▸ PROBLEM STATEMENT
The result should be the lines from the one that contains "Birkenstock Boston Big Buckle HellBraun - 37" to the final line of the entries below, copied exactly and with no pictures.
(Beginning of PROVIDED ENTRIES)
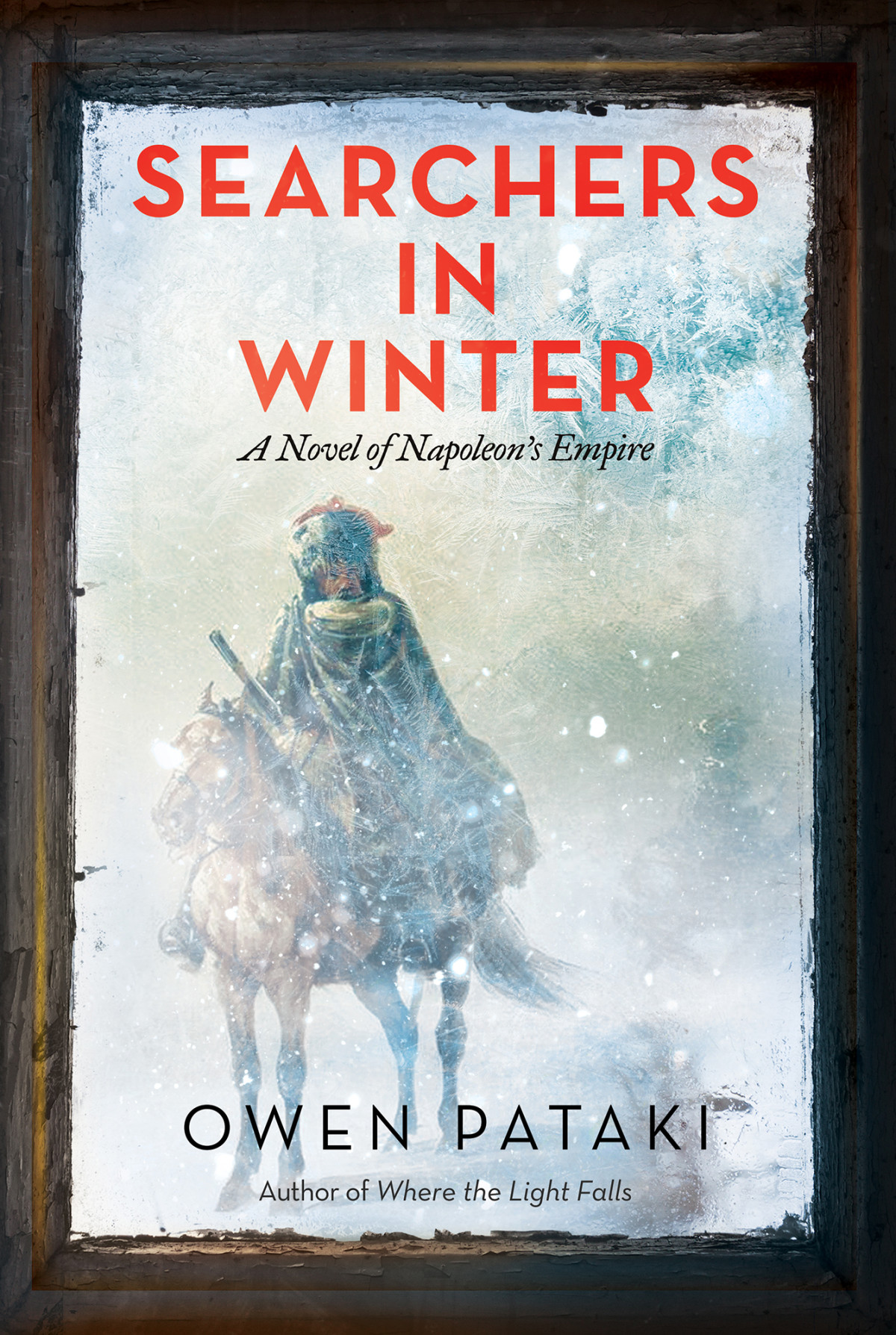 Searchers In Winter Owen Pataki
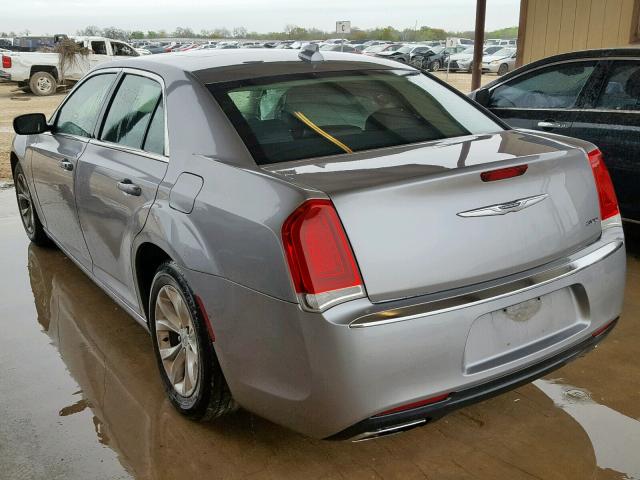 2C3CCAAG6GH220243 - 2016 CHRYSLER 300 LIMITE SILVER photo 3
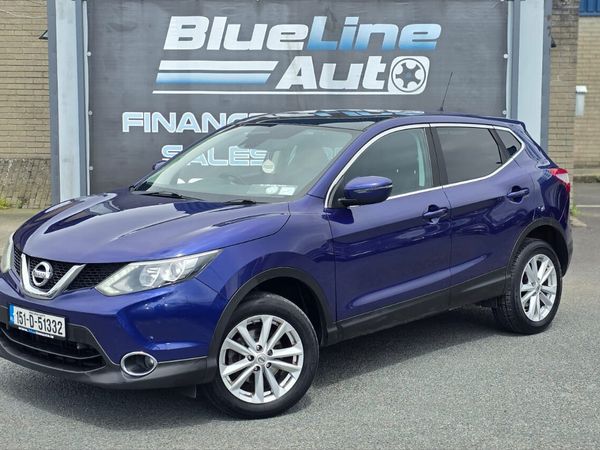 Nissan Qashqai Hatchback, Diesel, 2015, Blue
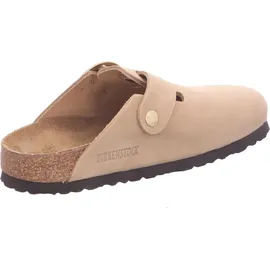 Birkenstock Boston Big Buckle HellBraun - 37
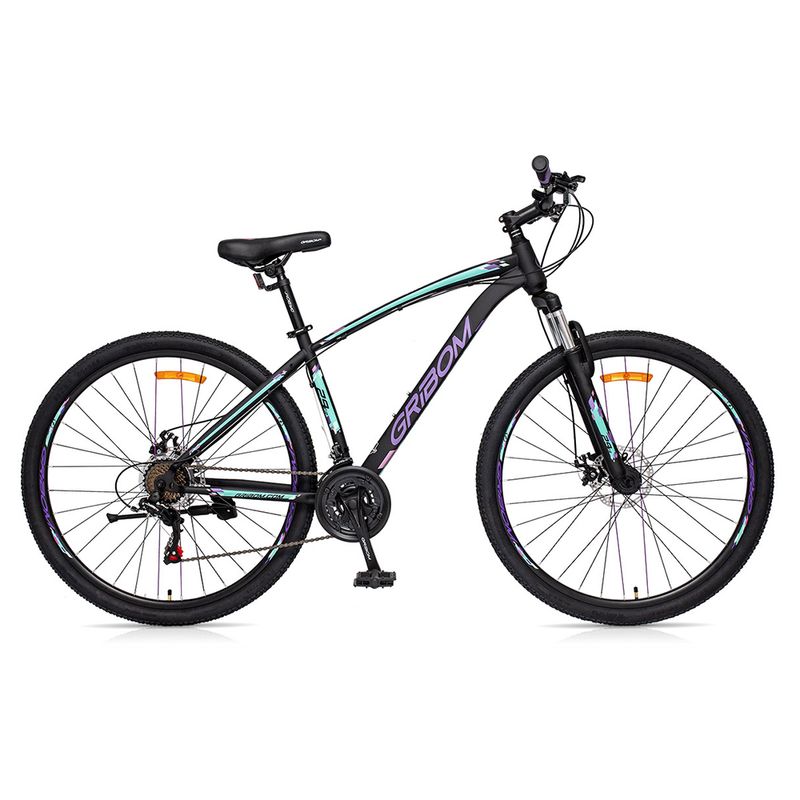 BICICLETA-GRIBOM-MTB-R29-17--2952D-HARZ-CROSS-ACERO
(End of PROVIDED ENTRIES)
▸ ANSWER BOX
 Birkenstock Boston Big Buckle HellBraun - 37
 BICICLETA-GRIBOM-MTB-R29-17--2952D-HARZ-CROSS-ACERO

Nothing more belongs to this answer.